# A determinantal inequality

The following is an exercise from the 2023 international selection at École Normale Supérieure (ENS):

Prove that for any complex numbers $$a_1, \dots, a_n$$ and positive semi-definite complex matrices $$A_1, \dots ,A_n$$ , the following inequality is satisfied: $$\det \left( \left| a_1 \right| A_{1\ } + \left| a_2 \right| A_2 + \dots + \left| a_n \right| A_n \right) \geq | \det(a_1 A_1 + \dots + a_n A_n)|$$

So far, I have tried using the Hadamard inequality on determinants but it doesn't seem to lead anywhere.
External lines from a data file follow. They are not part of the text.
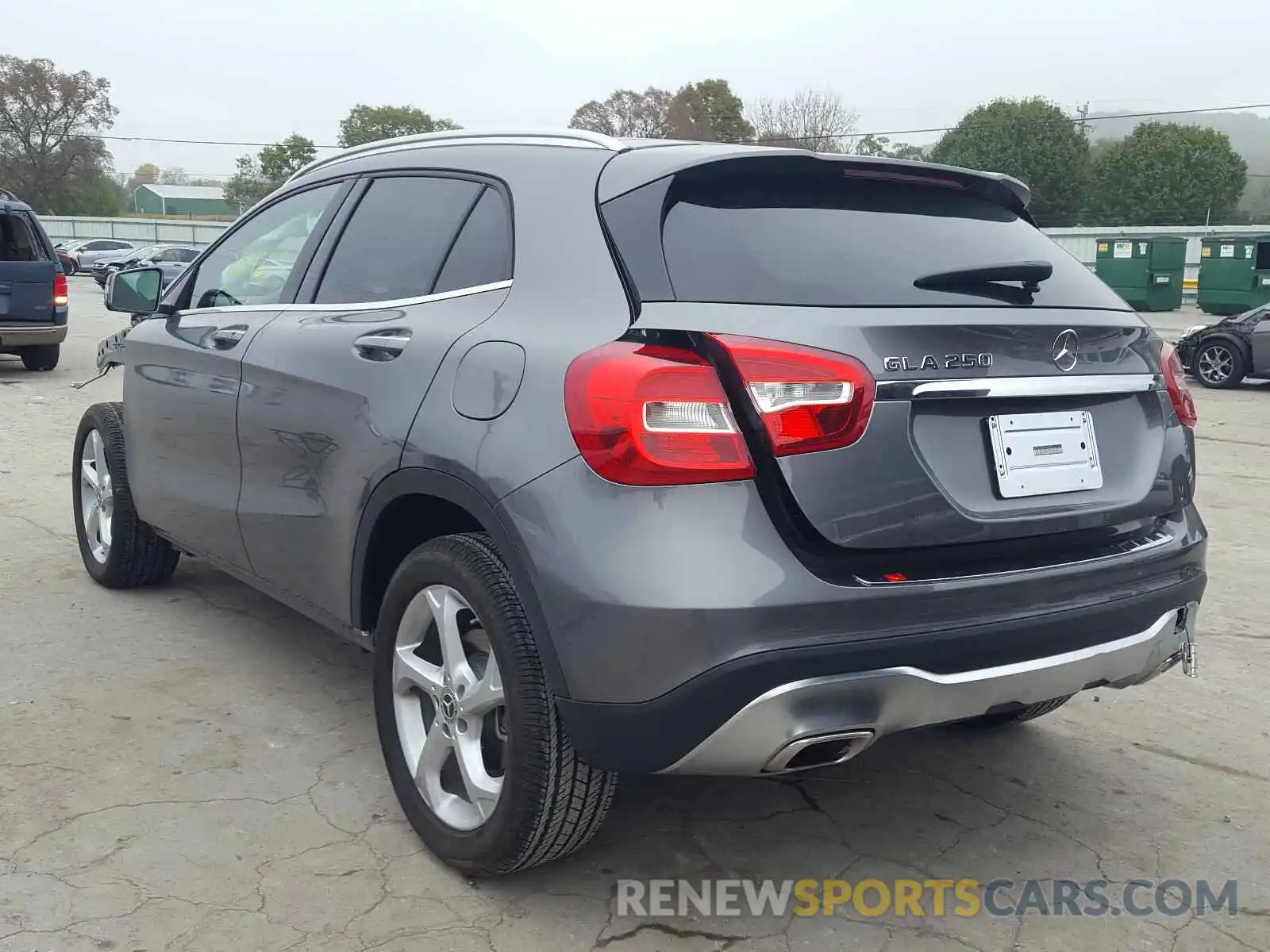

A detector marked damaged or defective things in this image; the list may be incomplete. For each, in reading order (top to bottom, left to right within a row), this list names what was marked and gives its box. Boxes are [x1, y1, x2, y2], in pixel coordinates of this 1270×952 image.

cracked asphalt [0, 284, 1264, 952]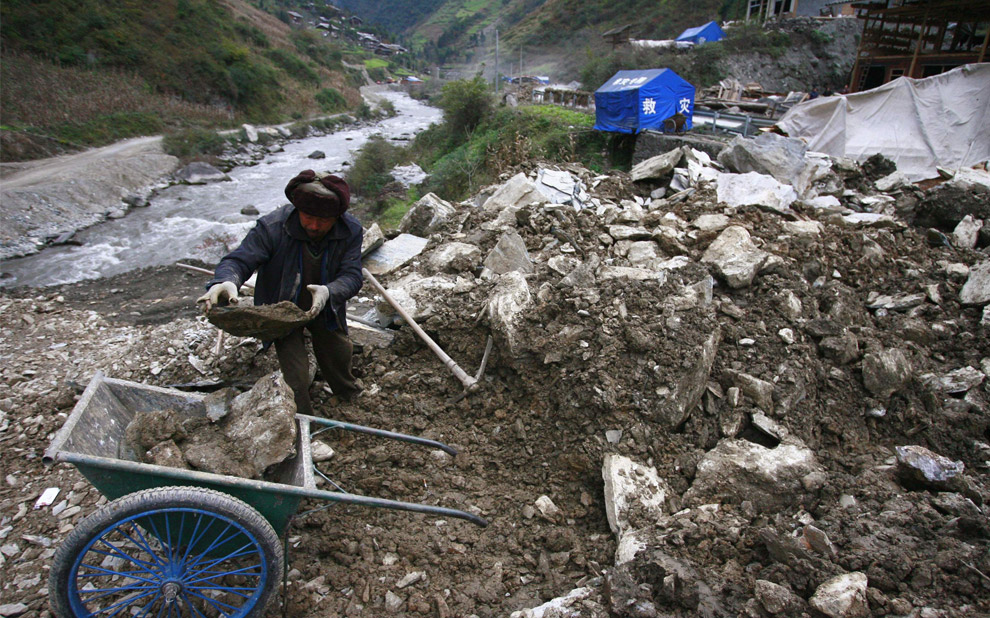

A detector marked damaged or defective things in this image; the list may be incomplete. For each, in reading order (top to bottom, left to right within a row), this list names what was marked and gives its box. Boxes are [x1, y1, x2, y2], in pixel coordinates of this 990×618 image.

damaged road [1, 134, 990, 616]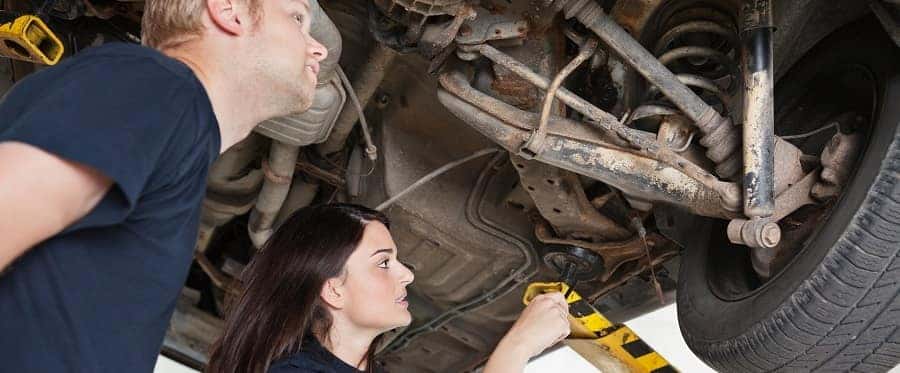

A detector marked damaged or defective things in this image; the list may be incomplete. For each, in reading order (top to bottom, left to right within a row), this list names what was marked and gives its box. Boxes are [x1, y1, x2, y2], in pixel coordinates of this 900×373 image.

rusty metal part [248, 141, 300, 246]
rusty metal part [320, 45, 398, 155]
rusty metal part [524, 38, 600, 157]
rusty metal part [512, 155, 632, 240]
rusty metal part [436, 71, 740, 219]
rusty metal part [440, 69, 740, 215]
rusty metal part [460, 43, 740, 209]
rusty metal part [548, 0, 740, 179]
rusty metal part [740, 0, 776, 218]
rusty metal part [808, 131, 864, 201]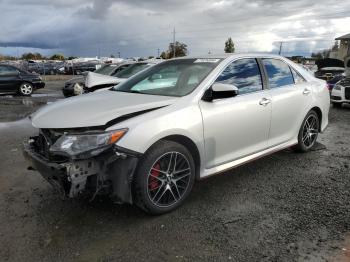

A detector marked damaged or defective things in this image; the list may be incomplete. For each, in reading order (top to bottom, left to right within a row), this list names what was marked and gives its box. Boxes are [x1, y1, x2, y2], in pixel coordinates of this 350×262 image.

crumpled hood [85, 72, 125, 88]
crumpled hood [31, 89, 176, 128]
damaged front bumper [22, 138, 140, 204]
Same for expanding the determinant using the permutations formula.

Since it's an exercise from ENS, it is supposed to be somehow hard and I don't know how to "start". The exercises from ENS are known to be very hard to approach since it's literally the best mathematics department of France. Any hints, please?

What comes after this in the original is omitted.